風のメモワール70

崖の上のポニョ


2008.8.2

宮崎駿監督の『崖の上のポニョ』が公開され
それにあわせて、
プロデューサーの鈴木敏夫の
『仕事道楽/スタジオジブリの現場』(岩波新書)と
宮崎駿『折り返し点 1997〜2008』(岩波書店)
がでていて、大変楽しく読むことができた。

『ポニョ』は
「アンデルセンの『人魚姫』を今日の日本に舞台を移し、
キリスト教色を払拭して、幼い子供達の愛と冒険を描」いているの
だけれど、
その主人公の男の子の名前の「宗介」というのは
夏目漱石の『門』の主人公の宗助の名前を拝借し、
しかも、その宗助が崖の下に住んでいるというのを
「崖の上」ということにしたというのを知って思わず笑ってしまった。
そしてその舞台となっている港町のイメージは
鈴木敏夫と宮崎駿が二ヶ月ほど滞在した瀬戸内海の港町なのだそうな。
たしかに、瀬戸内だなあと思う。

  宗助の背負う課題は何でしょう。

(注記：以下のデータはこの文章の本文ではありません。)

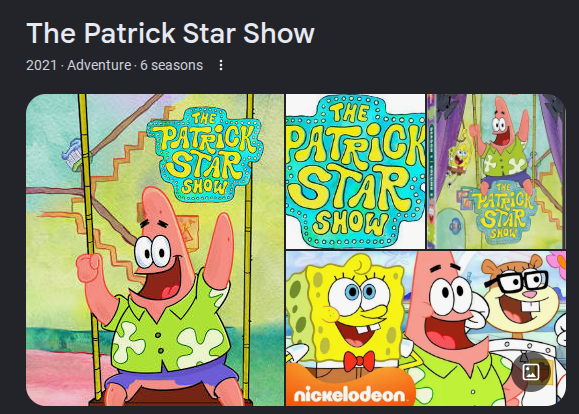 toletoletubbies's tweet photo. @PatrickStar you knew you tried to tell us https://t.co/LhfATMPJea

ポニョを無条件に受け入れること、
  スキになること、守ると誓った約束を守りきることです。
  (宮崎駿『折り返し点』P.494)

アンデルセンの人魚姫は、
スキになってもらえずに、泡になってしまう悲劇だけれど、
宮崎駿はその悲劇のストーリーではなく、
人魚姫を好きになり受け入れるストーリーにする。
ぼくもどうもアンデルセン的な悲劇には抵抗があるほうなので
そのストーリーは、楽天的に見えるかもしれないけれど、好きだ。

『人魚姫』の話は、ぼくには
日本神話のイザナキとイザナミの話を連想させられてしまうのだけれど、
イザナキは冥界でのイザナミを見てしまっても、
やはり、逃げてしまうべきではなかったのだと思う。
むしろ近づいて抱きしめてキスしたほうがよかった。
桃を投げたり千曳の岩で塞いだりするのはやはり悲しい。
だから人魚姫も泡にならなければならなくなる。

夏目漱石の『門』だけれど、
その「門」は敲いて開けてもらおうとしてもだめで
独りで開けて入らなければならない。
独りで開けて入るというのは
「ひとりきりのとき人は愛することができる」(アントニー・デ・メロ)
ということであり、
だから宗助は、ポニョを無条件に受け入れ、
スキになり、守ると誓った約束を守りきる。